Cable Types: Internal vs. External

External cables (outside the chassis) connect servers, switches, and data center equipment—for example AOC, DAC, ACC/AEC, transceivers, switch power cords, and fiber jumpers.

Internal cables (inside the chassis) link high-speed signals and power within servers, storage, and AI/GPU modules, including MCIO (PCIe Gen5), Oculink/Thinline/GenZ/EDSFF, Multi-Trak, power cables/busbar/liquid-cooling connectors, and harnesses such as SATA, MiniSAS, riser, and leakage sensor cables.

Roles & Applications: Low-Pressure Polyamide Hot-Melt & UV Adhesive

Polyamide Hot-Melt (Low-Pressure Injection)

Used to form-lock and fix cable harnesses away from solder joints. Key benefits include high toughness and abrasion resistance, a low dielectric constant to reduce high-speed loss, strong heat and moisture resistance (e.g., 85 °C/85%RH), and flame retardancy compliant with RoHS/REACH—ideal for robust harness fixation and durability.

UV Adhesive (Solder Joints Protection)

Used to protect solder joints with minimal interference. It cures rapidly under UV light for automated, high-throughput lines, delivers high bond strength (≈17–19 MPa), features very low dielectric constant/loss for stable impedance matching, and shows low water absorption and good formability for high-temperature/high-humidity operation—common in fiber fixation and solder-joint protection.

Adhesive Strategies for Internal/External Cables

External Cables

Use PA (polyamide) hot melt to secure harness structures and UV adhesive to stabilize fiber/copper terminations; add a metal housing when additional physical protection is required. Single-material options are also viable: PA-only for harness overmolding and external protection, or UV-only for precise solder-joint encapsulation.

Internal Cables

In tight, vibration-prone spaces, use UV adhesive to seal and protect solder joints while polyamide hot melt forms molded structural protection. Options include UV + traditional housing + PA backfill for sealing and damping, UV + direct-injection PA outer shell for a simplified process, or a three-layer package (UV → PA fill → plastic outer shell) for enhanced stability.

Why Choose UV Adhesive & PA Hot-Melt?

• Maintain signal integrity: low-k insulation lowers high-speed data loss.

• Improve mechanical reliability: robust fixation reduces vibration and connector shift

• Extend service life: moisture/dust/oxidation protection for long duty cycles.

• Fit automated manufacturing: UV fast-curing and PA low-pressure molding align with smart production lines.

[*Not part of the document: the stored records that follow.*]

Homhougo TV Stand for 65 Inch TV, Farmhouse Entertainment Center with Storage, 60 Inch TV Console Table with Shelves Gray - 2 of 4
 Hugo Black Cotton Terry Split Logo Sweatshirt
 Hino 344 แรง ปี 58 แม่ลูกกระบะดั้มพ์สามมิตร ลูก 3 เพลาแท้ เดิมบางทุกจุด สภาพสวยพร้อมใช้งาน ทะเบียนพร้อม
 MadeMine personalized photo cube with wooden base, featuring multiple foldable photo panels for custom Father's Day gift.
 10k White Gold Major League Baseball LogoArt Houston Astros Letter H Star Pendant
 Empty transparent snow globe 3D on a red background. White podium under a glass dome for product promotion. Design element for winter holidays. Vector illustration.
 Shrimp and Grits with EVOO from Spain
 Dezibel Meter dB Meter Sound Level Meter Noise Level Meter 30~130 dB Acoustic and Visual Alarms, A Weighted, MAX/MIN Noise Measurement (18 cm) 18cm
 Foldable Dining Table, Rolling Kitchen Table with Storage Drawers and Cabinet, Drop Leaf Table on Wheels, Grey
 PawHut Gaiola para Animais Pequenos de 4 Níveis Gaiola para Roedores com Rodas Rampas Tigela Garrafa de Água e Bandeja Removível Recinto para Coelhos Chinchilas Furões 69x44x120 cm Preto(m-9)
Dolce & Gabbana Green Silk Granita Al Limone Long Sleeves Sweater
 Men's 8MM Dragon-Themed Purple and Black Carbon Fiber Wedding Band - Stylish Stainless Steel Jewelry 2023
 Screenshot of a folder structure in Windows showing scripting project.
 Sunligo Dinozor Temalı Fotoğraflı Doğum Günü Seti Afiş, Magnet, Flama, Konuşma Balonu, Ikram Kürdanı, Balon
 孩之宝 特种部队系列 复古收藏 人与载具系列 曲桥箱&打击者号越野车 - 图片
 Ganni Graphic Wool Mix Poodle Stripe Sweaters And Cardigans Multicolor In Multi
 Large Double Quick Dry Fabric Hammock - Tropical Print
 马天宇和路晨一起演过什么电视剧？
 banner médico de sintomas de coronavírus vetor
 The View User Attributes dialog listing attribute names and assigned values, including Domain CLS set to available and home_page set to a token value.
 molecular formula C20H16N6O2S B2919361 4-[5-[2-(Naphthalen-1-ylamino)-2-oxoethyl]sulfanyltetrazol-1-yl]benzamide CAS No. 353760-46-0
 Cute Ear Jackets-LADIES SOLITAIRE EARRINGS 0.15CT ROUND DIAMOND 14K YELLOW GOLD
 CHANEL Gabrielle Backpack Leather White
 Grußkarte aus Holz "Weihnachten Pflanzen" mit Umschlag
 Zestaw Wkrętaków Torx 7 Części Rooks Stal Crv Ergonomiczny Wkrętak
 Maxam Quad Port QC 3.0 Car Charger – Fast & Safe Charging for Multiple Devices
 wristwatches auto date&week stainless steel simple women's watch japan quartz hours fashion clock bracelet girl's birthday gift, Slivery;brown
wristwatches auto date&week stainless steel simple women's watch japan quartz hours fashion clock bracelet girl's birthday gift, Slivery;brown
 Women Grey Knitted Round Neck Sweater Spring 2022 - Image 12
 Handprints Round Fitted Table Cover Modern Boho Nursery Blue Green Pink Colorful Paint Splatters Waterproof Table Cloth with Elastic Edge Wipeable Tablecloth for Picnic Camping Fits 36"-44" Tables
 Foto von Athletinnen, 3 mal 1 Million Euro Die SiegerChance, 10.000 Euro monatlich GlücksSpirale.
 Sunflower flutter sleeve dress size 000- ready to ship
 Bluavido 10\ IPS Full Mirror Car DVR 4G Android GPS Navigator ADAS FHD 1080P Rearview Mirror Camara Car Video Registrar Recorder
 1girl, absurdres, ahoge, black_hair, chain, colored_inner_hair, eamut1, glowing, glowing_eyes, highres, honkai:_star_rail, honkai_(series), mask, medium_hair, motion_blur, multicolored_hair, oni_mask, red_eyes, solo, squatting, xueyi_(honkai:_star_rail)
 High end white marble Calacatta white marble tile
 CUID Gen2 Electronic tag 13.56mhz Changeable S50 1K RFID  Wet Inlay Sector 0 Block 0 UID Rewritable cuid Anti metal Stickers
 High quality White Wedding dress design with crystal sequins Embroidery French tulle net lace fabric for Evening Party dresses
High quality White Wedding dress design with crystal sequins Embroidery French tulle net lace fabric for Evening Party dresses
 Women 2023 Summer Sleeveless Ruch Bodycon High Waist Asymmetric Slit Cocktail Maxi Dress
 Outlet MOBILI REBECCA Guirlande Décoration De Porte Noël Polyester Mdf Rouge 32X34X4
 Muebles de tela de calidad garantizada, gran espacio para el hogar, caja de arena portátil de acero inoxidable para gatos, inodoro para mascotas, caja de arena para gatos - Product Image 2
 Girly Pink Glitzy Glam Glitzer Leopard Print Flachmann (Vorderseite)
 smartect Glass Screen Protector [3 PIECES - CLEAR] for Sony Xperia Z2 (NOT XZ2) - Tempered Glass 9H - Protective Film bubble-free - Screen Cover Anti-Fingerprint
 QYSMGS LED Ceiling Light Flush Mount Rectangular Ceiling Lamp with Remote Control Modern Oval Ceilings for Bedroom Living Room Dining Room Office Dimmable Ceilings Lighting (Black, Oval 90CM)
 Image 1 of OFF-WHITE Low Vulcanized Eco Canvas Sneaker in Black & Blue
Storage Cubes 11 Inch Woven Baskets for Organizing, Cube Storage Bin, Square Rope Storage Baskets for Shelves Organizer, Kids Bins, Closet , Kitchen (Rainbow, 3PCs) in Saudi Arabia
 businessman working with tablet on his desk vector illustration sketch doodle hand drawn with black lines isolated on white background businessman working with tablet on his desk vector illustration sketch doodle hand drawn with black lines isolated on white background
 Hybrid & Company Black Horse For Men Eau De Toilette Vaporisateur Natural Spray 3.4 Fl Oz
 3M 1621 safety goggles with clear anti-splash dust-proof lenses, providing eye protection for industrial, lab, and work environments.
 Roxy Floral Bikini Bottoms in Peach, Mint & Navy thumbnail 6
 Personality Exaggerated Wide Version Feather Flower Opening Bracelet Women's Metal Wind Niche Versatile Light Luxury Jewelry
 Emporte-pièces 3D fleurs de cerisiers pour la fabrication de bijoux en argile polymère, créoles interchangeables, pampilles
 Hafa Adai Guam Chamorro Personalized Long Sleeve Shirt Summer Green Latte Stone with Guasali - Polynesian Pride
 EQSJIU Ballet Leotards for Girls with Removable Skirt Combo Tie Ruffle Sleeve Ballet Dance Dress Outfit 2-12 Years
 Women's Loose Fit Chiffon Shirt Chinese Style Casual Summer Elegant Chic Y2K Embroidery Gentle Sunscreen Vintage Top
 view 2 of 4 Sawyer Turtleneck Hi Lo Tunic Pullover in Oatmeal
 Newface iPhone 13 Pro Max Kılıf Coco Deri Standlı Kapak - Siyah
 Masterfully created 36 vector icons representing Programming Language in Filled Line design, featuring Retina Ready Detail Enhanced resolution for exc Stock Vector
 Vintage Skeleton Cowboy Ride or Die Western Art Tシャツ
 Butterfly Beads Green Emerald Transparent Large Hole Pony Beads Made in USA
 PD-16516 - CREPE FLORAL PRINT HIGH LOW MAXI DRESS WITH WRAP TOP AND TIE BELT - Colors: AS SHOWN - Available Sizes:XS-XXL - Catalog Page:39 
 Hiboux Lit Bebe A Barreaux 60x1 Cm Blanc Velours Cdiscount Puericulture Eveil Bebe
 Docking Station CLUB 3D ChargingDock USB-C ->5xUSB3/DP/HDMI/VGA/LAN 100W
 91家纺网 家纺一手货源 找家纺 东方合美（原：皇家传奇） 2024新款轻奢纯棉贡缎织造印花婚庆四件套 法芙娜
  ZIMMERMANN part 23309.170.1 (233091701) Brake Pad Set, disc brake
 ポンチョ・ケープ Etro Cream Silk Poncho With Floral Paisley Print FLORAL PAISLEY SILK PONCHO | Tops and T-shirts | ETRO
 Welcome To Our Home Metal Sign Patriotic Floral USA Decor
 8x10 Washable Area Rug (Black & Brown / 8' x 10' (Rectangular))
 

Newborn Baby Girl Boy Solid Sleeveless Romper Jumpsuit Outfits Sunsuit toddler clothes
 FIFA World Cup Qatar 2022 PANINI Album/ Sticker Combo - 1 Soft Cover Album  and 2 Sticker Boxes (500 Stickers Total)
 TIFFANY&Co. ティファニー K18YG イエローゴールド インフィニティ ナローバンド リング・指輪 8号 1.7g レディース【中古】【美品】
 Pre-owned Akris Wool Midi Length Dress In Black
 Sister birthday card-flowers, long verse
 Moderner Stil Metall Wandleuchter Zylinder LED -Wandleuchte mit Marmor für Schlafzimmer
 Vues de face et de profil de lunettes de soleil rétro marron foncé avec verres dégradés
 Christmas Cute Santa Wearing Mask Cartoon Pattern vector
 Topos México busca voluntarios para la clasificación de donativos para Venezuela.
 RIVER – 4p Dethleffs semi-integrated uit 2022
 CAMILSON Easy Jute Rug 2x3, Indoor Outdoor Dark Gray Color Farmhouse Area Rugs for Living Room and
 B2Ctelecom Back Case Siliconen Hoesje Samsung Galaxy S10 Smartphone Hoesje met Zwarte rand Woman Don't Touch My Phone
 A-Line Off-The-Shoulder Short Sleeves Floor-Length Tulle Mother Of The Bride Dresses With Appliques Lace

Customer Validation Results

A leading manufacturer in the OSFP ecosystem conducted testing in 2025 to evaluate the application of adhesive 6059 on OSFP modules. As our company focuses solely on adhesive manufacturing and does not possess specialized IR analysis capabilities, the following content is a verbatim summary of the customer’s original test results, presented without any modification or additional interpretation.

Dispensing Appearance & Methodology

Validation was conducted using actual OSFP modules. The adhesive dispensing size was set to 3 × 2.5 × 1.35 mm (height). Insertion Loss (IL) variations were evaluated by comparing measurement results before and after dispensing across multiple frequency points.

Insertion Loss (IL)

Adhesive was applied to solder-wire areas on both ends of the module. Therefore, post-dispensing data after full application on both sides was compared with pre-dispensing measurements.

• Primary monitored frequency: 26.56 GHz

• IL increased by approximately 1.2 dB after dispensing

• No unacceptable nonlinear behavior observed below 40G

• Overall results remain within acceptable limits

Impedance

Due to the network analyzer’s high measurement frequency and fast rise time, impedance variation under the specified dispensing dimensions remained within the following range:

• Impedance variation: approximately 5.5–6.0 Ω

• Within an ideal control range

• Further optimization is possible by tighter control of dispensing dimensions

Among the evaluated samples, 6059 demonstrated the lowest impact on insertion loss (IL).